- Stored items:
※ ※ ※
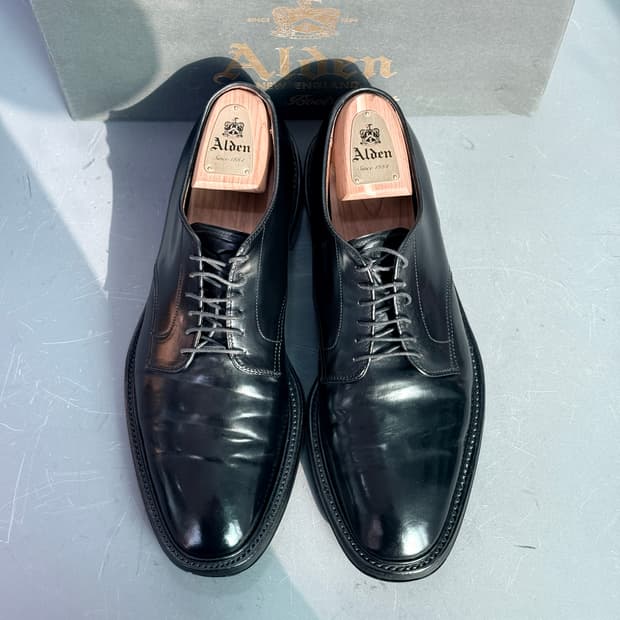 [11.5D] 알든 4315CY 블랙 코도반 플레인 토 더비 (feat.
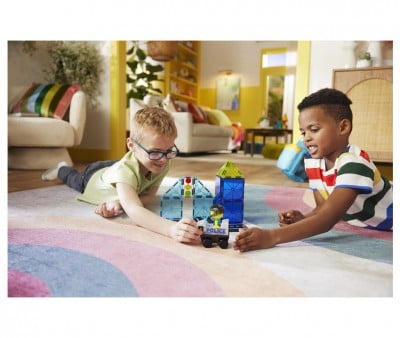 Conjunto de construção Magna-Tiles Police Patrol de 20 peças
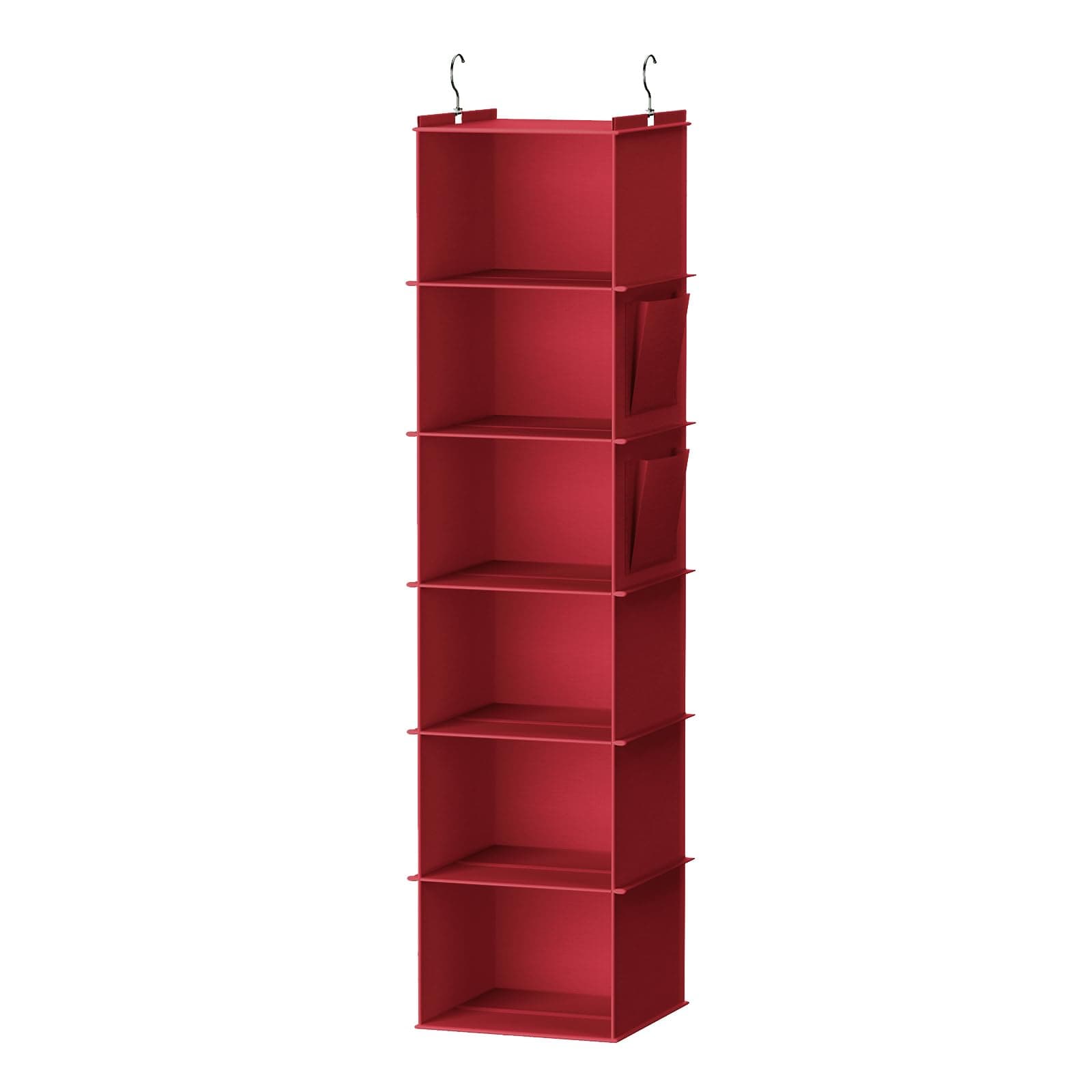 YOUDENOVA Hanging Closet Organizer and Storage, 6-Shelf Closet Hanging Storage Shelves, Dark Red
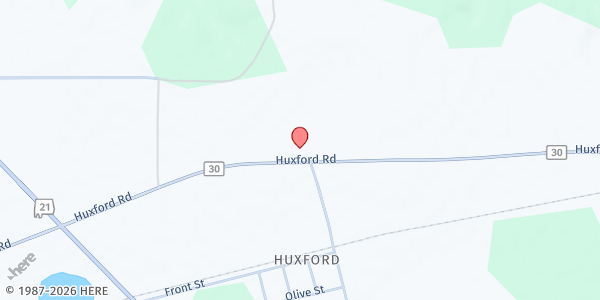Map showing Huxford Elementary at 637 Huxford Rd, Atmore, AL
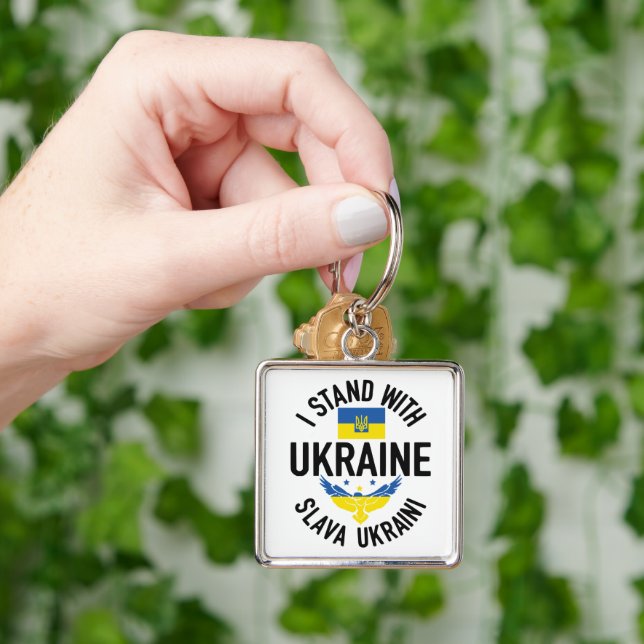 BLUE & YELLOW I STAND WITH UKRAINE KEY RING (Hand)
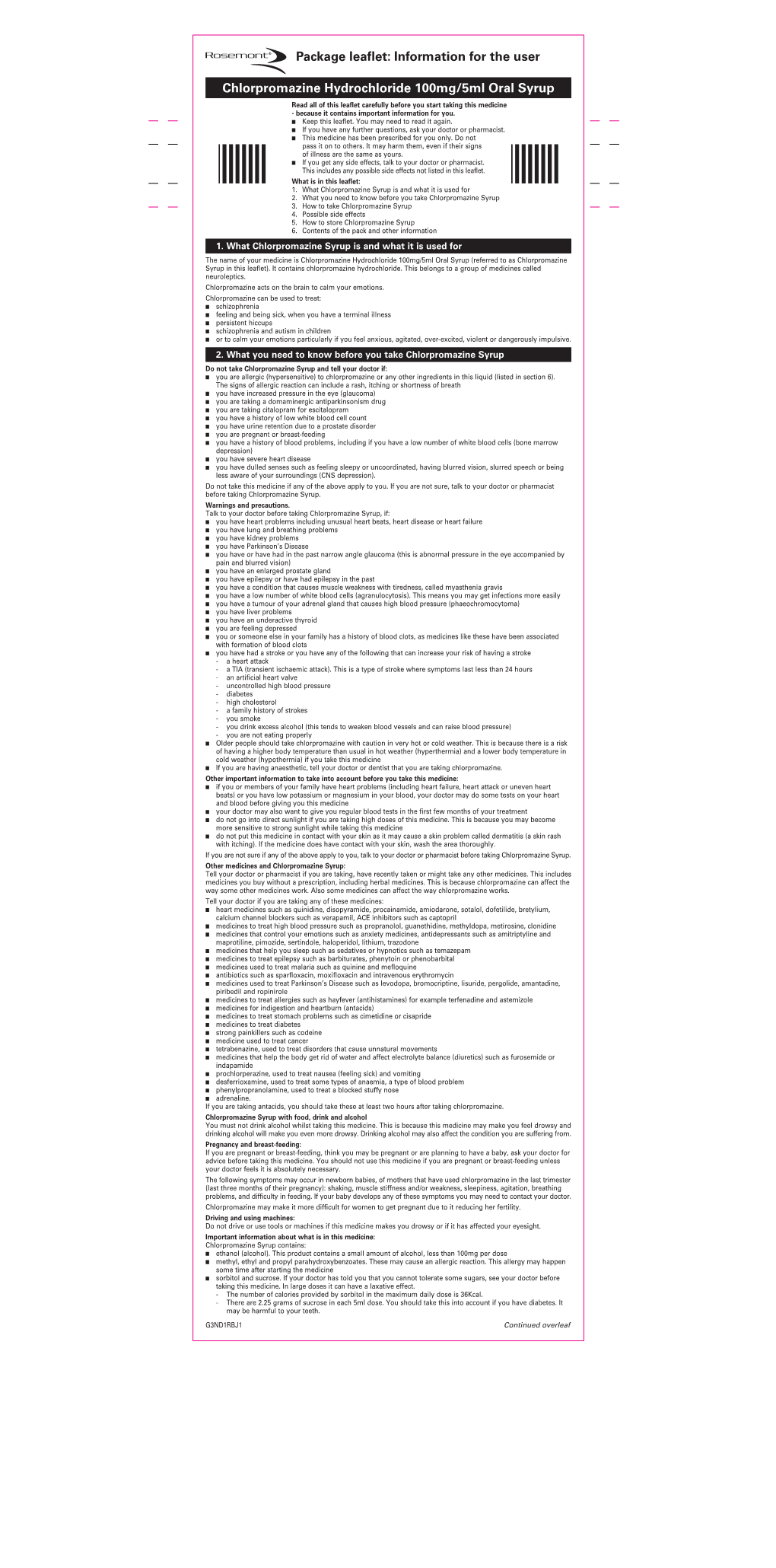 Chlorpromazine Hydrochloride 100Mg/5Ml Oral Syrup Package Leaflet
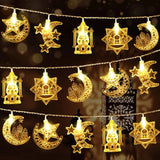 Triogift  Ramadan Star Moon Castle LED String Lights Eid Mubarak Gift Islam Muslim Ramadan Kareem Decorations for Home Eid al-Fitr Party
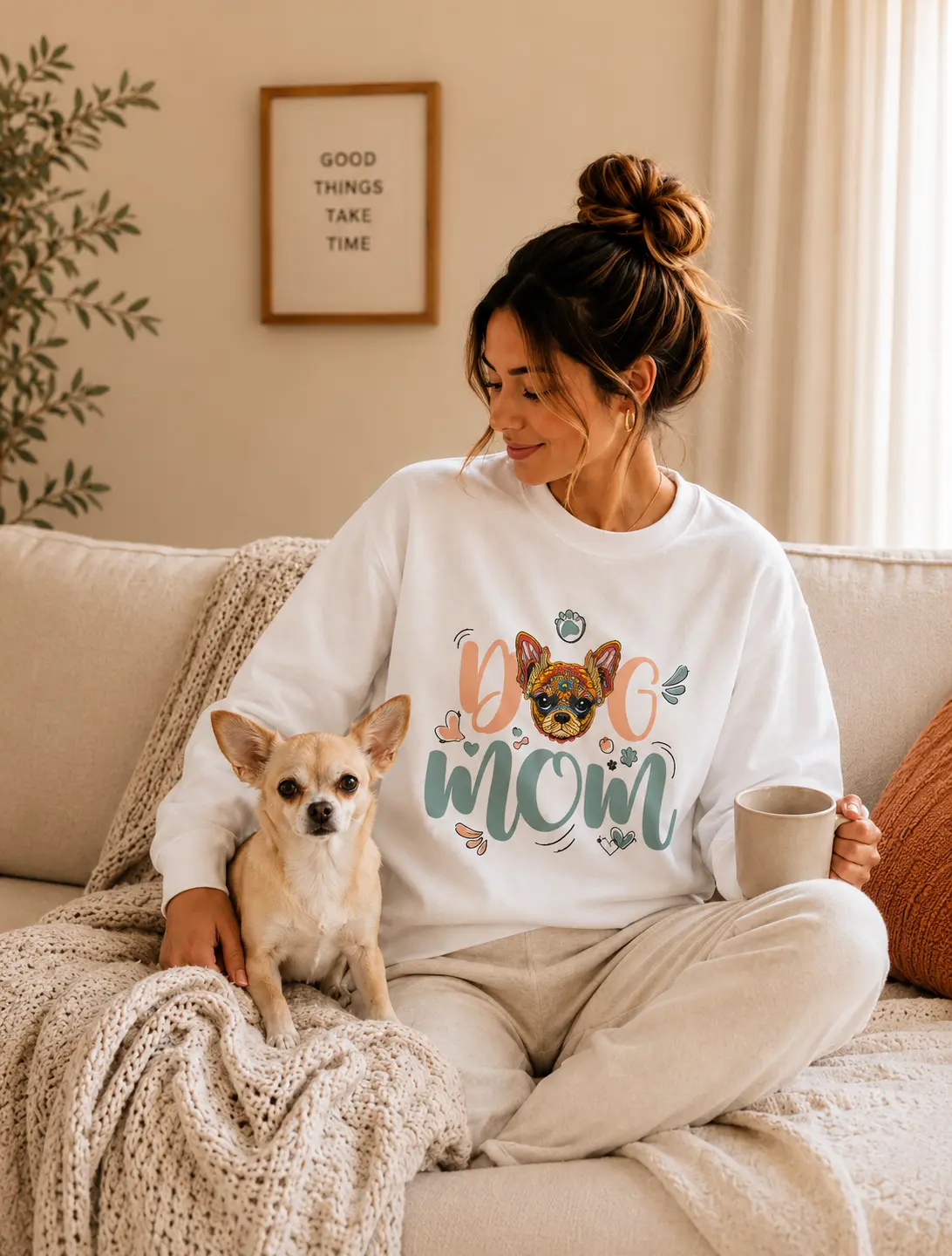 Sudadera para mujer de la colección human collection de Dinasty con estampado Chiuahua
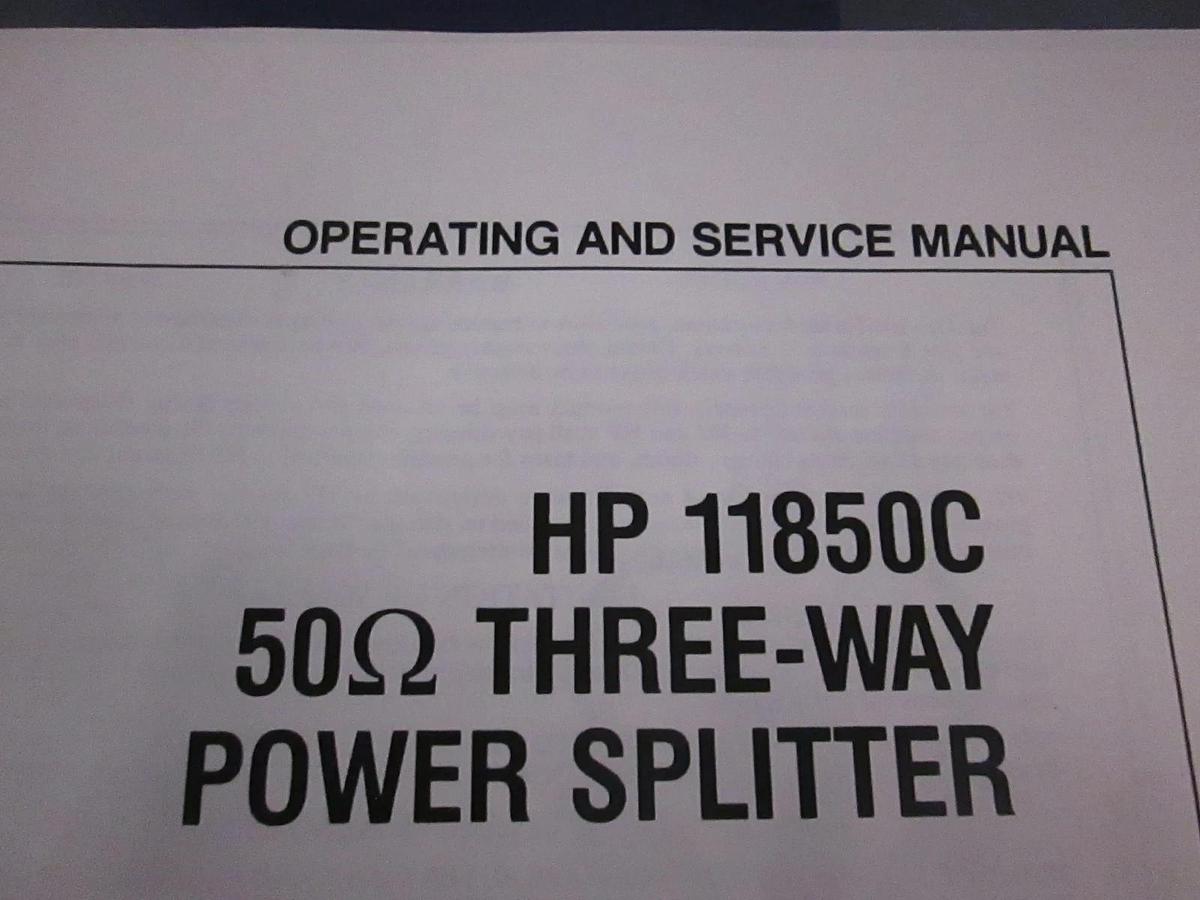 Used HP 11850C 50 Three-Way Power Splitter, Operating and Service Manual, Used
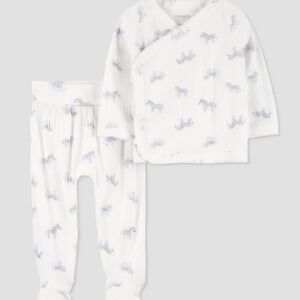 🍒Carter's White Ribbed Two-Piece Pajama Set with Light Blue Pony Print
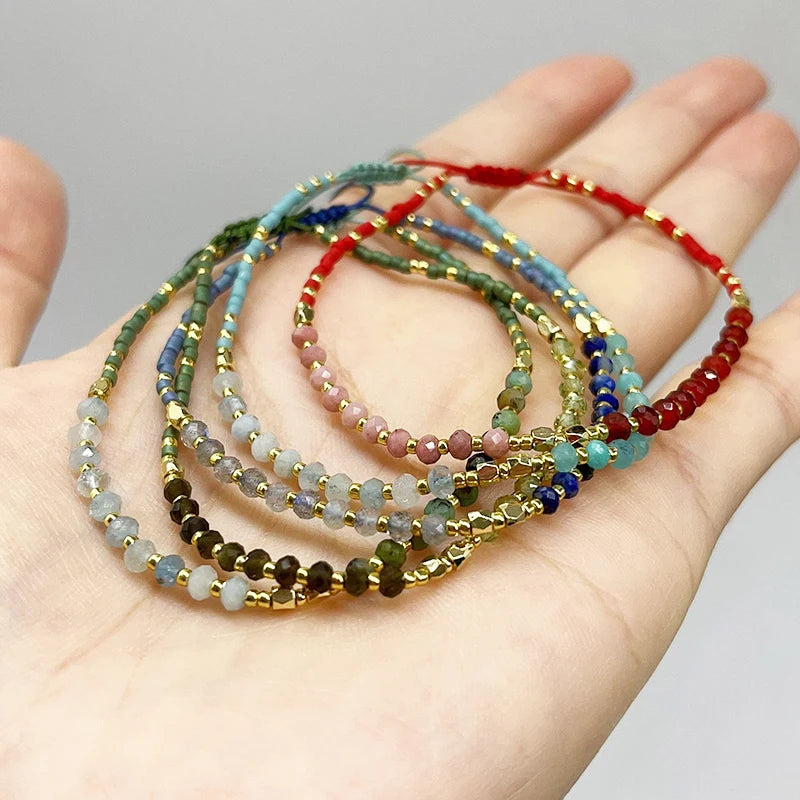 Handmade Gold Plated Adjustable Multilayer Stackable Bohemian Beaded Bracelets Set for Women Gift Wholesale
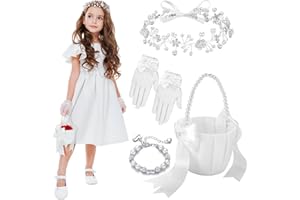 Riceshoot 4 Pack Flower Girl Baskets Set Flower Girl Jewelry Wedding Accessories Headband Bracelet Baskets Gloves (Classic)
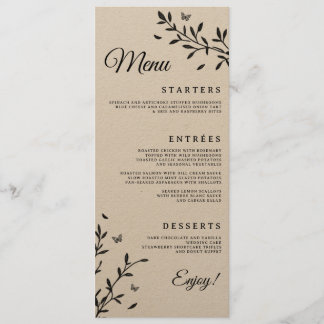 Menu Janto de Casamento de Charm Woodland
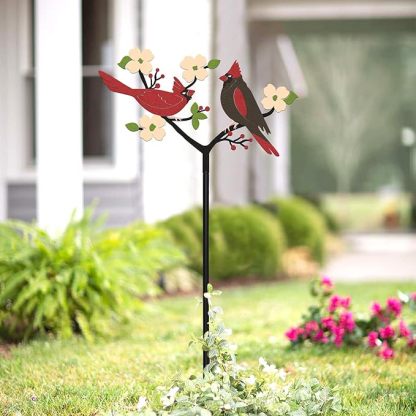 Cardinal Yard Sign Stake | Metal Bird Decorative Garden Stake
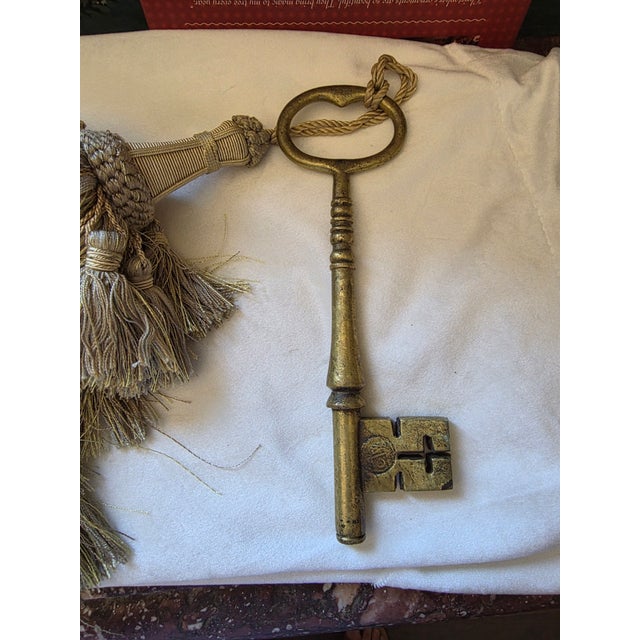 Metal Oversized Brass Key With Tassel For Sale - Image 7 of 7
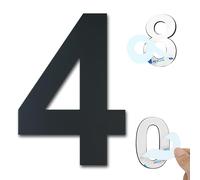 Ywonoby House Numbers - 3 Inch Self Adhesive Metal Stainless Steel Door Numbers Stickers for House Mailbox Apartment Hotel Courtyard - Black(4)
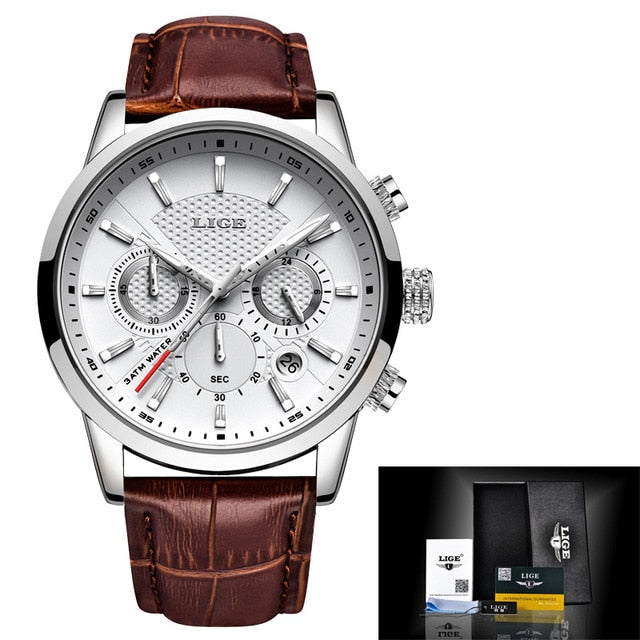 LIGE Fashion Mens Watches Top Brand Luuxury Blue Quartz Clock Male Casual Leather Waterproof Sport Chronograph Relogio Masculino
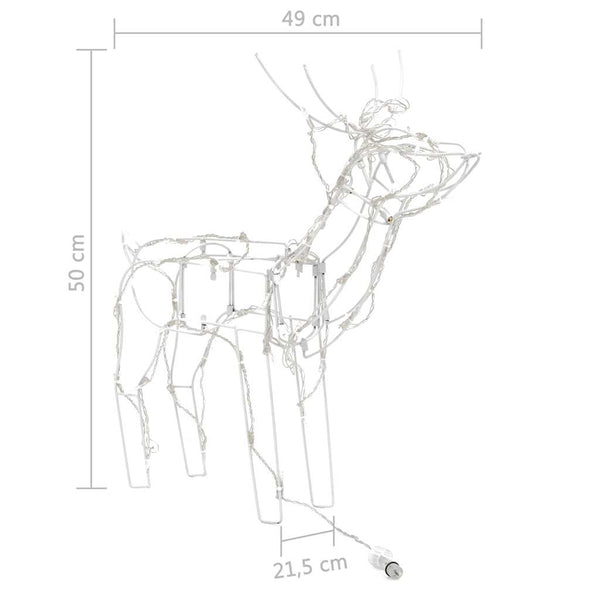vidaXL 3-Piece LED Reindeer Set Christmas Decoration 229 LEDs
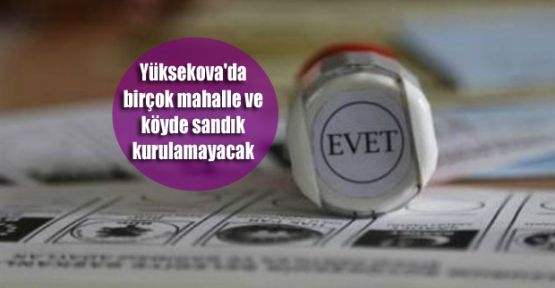 Yüksekova'da birçok mahalle ve köyde sandık kurulamayacak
※ ※ ※
- Activity: Would you restate all of the data above word for word, omitting the pictures?

- Output for this exercise:
 [11.5D] 알든 4315CY 블랙 코도반 플레인 토 더비 (feat.
 Conjunto de construção Magna-Tiles Police Patrol de 20 peças
 YOUDENOVA Hanging Closet Organizer and Storage, 6-Shelf Closet Hanging Storage Shelves, Dark Red
Map showing Huxford Elementary at 637 Huxford Rd, Atmore, AL
 BLUE & YELLOW I STAND WITH UKRAINE KEY RING (Hand)
 Chlorpromazine Hydrochloride 100Mg/5Ml Oral Syrup Package Leaflet
 Triogift  Ramadan Star Moon Castle LED String Lights Eid Mubarak Gift Islam Muslim Ramadan Kareem Decorations for Home Eid al-Fitr Party
 Sudadera para mujer de la colección human collection de Dinasty con estampado Chiuahua
 Used HP 11850C 50 Three-Way Power Splitter, Operating and Service Manual, Used
 🍒Carter's White Ribbed Two-Piece Pajama Set with Light Blue Pony Print
 Handmade Gold Plated Adjustable Multilayer Stackable Bohemian Beaded Bracelets Set for Women Gift Wholesale
 Riceshoot 4 Pack Flower Girl Baskets Set Flower Girl Jewelry Wedding Accessories Headband Bracelet Baskets Gloves (Classic)
 Menu Janto de Casamento de Charm Woodland
 Cardinal Yard Sign Stake | Metal Bird Decorative Garden Stake
 Metal Oversized Brass Key With Tassel For Sale - Image 7 of 7
 Ywonoby House Numbers - 3 Inch Self Adhesive Metal Stainless Steel Door Numbers Stickers for House Mailbox Apartment Hotel Courtyard - Black(4)
 LIGE Fashion Mens Watches Top Brand Luuxury Blue Quartz Clock Male Casual Leather Waterproof Sport Chronograph Relogio Masculino
vidaXL 3-Piece LED Reindeer Set Christmas Decoration 229 LEDs
 Yüksekova'da birçok mahalle ve köyde sandık kurulamayacak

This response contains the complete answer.